Data excerpts:
/---
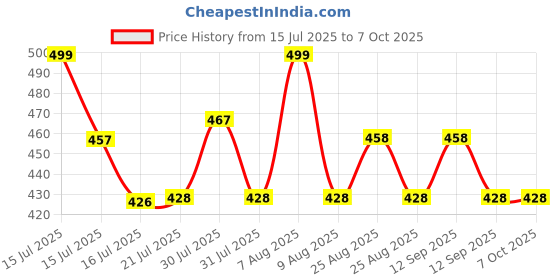 amazon.in DIY Crafts Pack Of 1 Pc, Design No #9, 1 Pc Hammer Flat Round Car Auto Hammer Chasing Watchmaker Tool Chaser Or Chasing 1 Pieces Ch (Pack Of 1 Pc, Design No #9) Price History Graph from 15 Jul 2025 to 6 Oct 2025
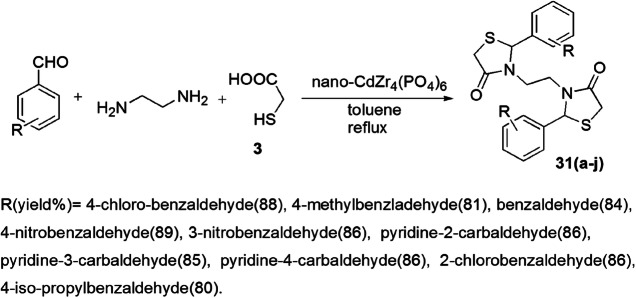 Scheme 15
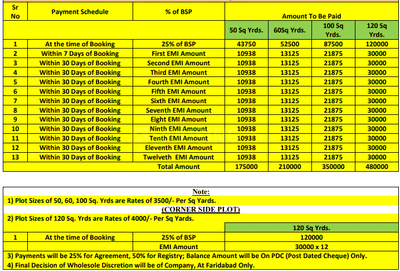 Nisha Residency Payment Plan and Price list 1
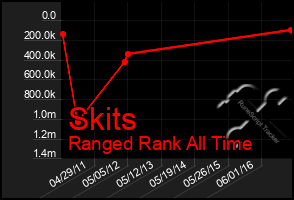 Total Graph of Skits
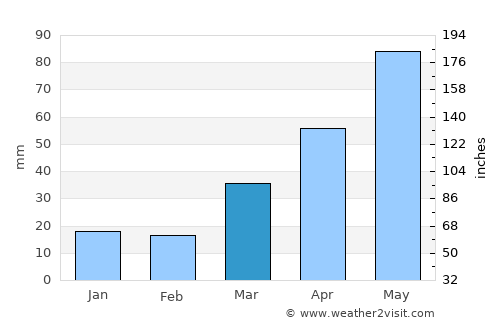 Carora average rain in March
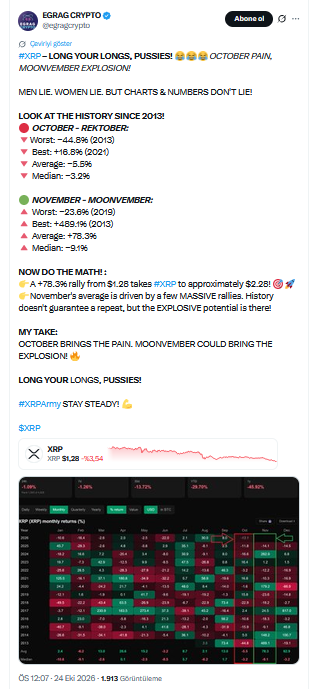 Egrag Crypto'nun XRP Paylaşımı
\---
Please copy the data above exactly, omitting the pictures.

#### [RESPONSE AREA]
 amazon.in DIY Crafts Pack Of 1 Pc, Design No #9, 1 Pc Hammer Flat Round Car Auto Hammer Chasing Watchmaker Tool Chaser Or Chasing 1 Pieces Ch (Pack Of 1 Pc, Design No #9) Price History Graph from 15 Jul 2025 to 6 Oct 2025
 Scheme 15
 Nisha Residency Payment Plan and Price list 1
 Total Graph of Skits
 Carora average rain in March
 Egrag Crypto'nun XRP Paylaşımı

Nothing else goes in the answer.